Shocks in incidence represent only part of the story. In CI cover, for example, the pure incidence of an illness does not always require a claim payment. The illness needs to have reached a particular stage of severity before CI cover will pay out.

This creates an interesting effect for the industry in that future improvements in the screening or diagnosis of certain illnesses may also create a positive claims trend.

A case in point is cervical cancer in the UK, where an estimated 90% of all cervical cancers are diagnosed and successfully treated before a CI claim is paid. Here, improvements in treatment or screening will reinforce an already positive claims trend.

There are usually three stages to this passing storm, which are demonstrated using the current trends for colorectal cancer, breast cancer and cervical cancer.

Positive benefits

In figure 3 you can see the typical distribution of incidence for a cancer that has no routine screening, such as colorectal cancer where diagnosis is made equally across all stages of the cancer's development. Once routine screening is implemented, however, the incidence of the illness initially will increase overall but diagnosis is typically made earlier.

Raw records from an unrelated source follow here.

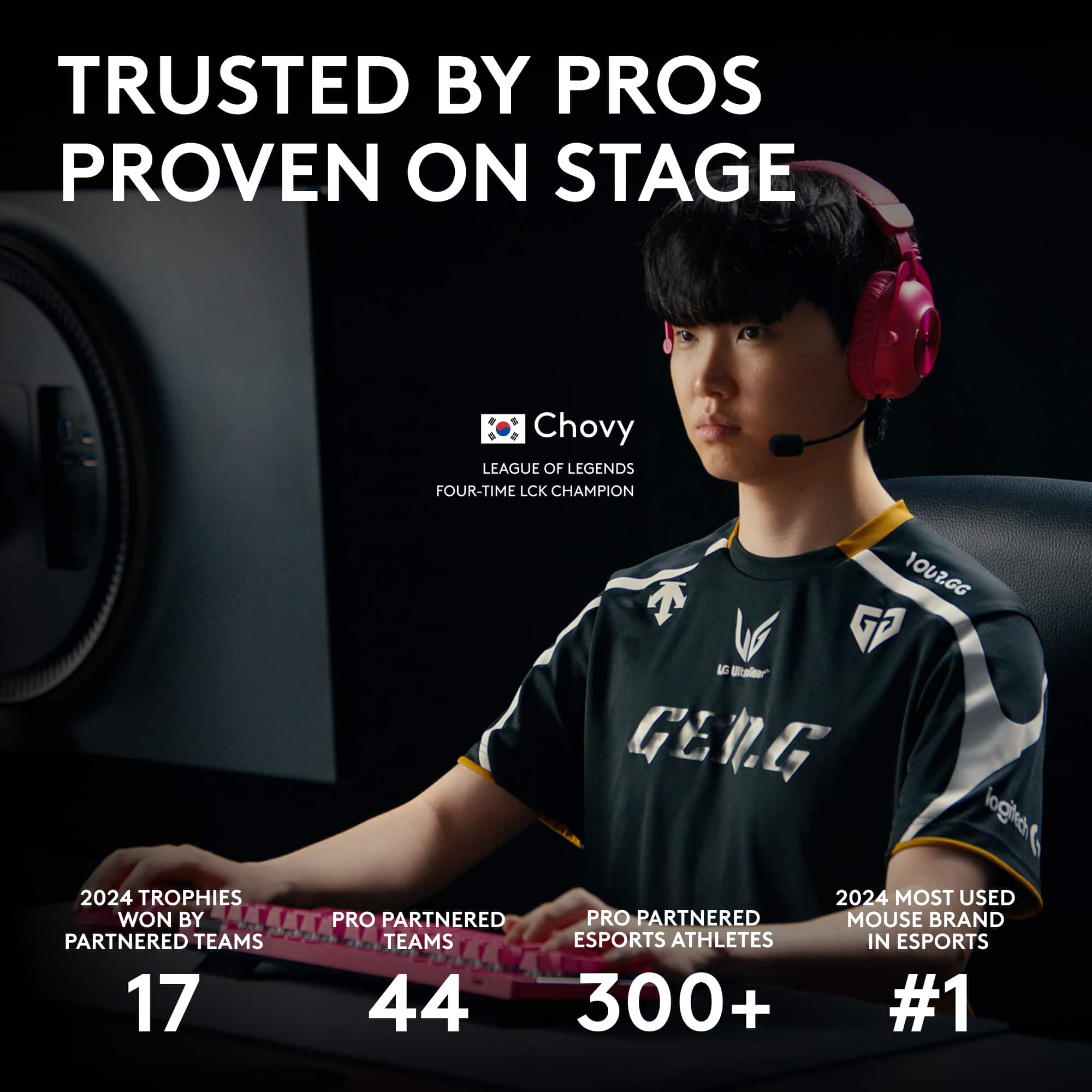 TRUSTED BY PROS PROVEN ON STAGE
Chovy
LEAGUE OF LEGENDS FOUR-TIME LCK CHAMPION
2024 TROPHIES WON BY PARTNERED TEAMS 17
2024 MOST USED PRO PARTNERED MOUSE BRAND IN ESPORTS #1
PRO PARTNERED ESPORTS ATHLETES 300+
PRO PARTNERED TEAMS 44
10U2GG
LC Uale GENG logisd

Figure 4 shows breast cancer incidence, which clearly demonstrates how screening skews incidence to the early stages of disease. If, as in the case for cervical cancer, medical science produces a combination of early detection and successful treatment, we see the storm pass as more and more cases are treated before a claim would be paid. Figure 5 demonstrates this effect. Shocks in incidence and the passing storm effect demonstrate the difficulties that face the insurance industry as it prices these products.

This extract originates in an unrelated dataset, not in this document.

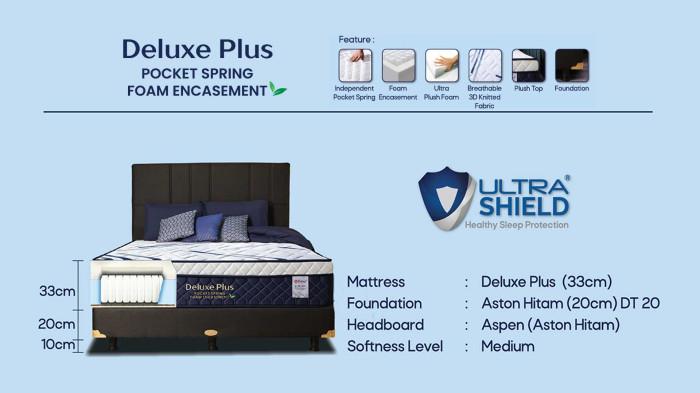 DELUXE PLUS - Deluxe Plus merupakan pilihan menarik bagi pasangan muda yang mencari kasur pocket spring dengan value terbaik. Tipe ini menggunakan Independent Pocket Spring, Plush Top, Ultra Plush Foam, Foam Encasement, 3D Knitted Fabric, dan UltraShield Protection.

Medical advances are a major conundrum in our industry, but for those companies who have access to the right data and expertise, there is plenty of scope to design and price products that meet the needs and expectations of shareholders and customers alike.

Alan Martin is business owner for CI in the UK at GE Insurance Solutions

COVER notes

In order to treat customers fairly insurers must have a clear view of the likelihood of future rate increases when they sell a reviewable product.

Tracking historical data is the easiest part of the process, the real headache for the industry is to understand what's going to happen to future claims trends as medical science evolves.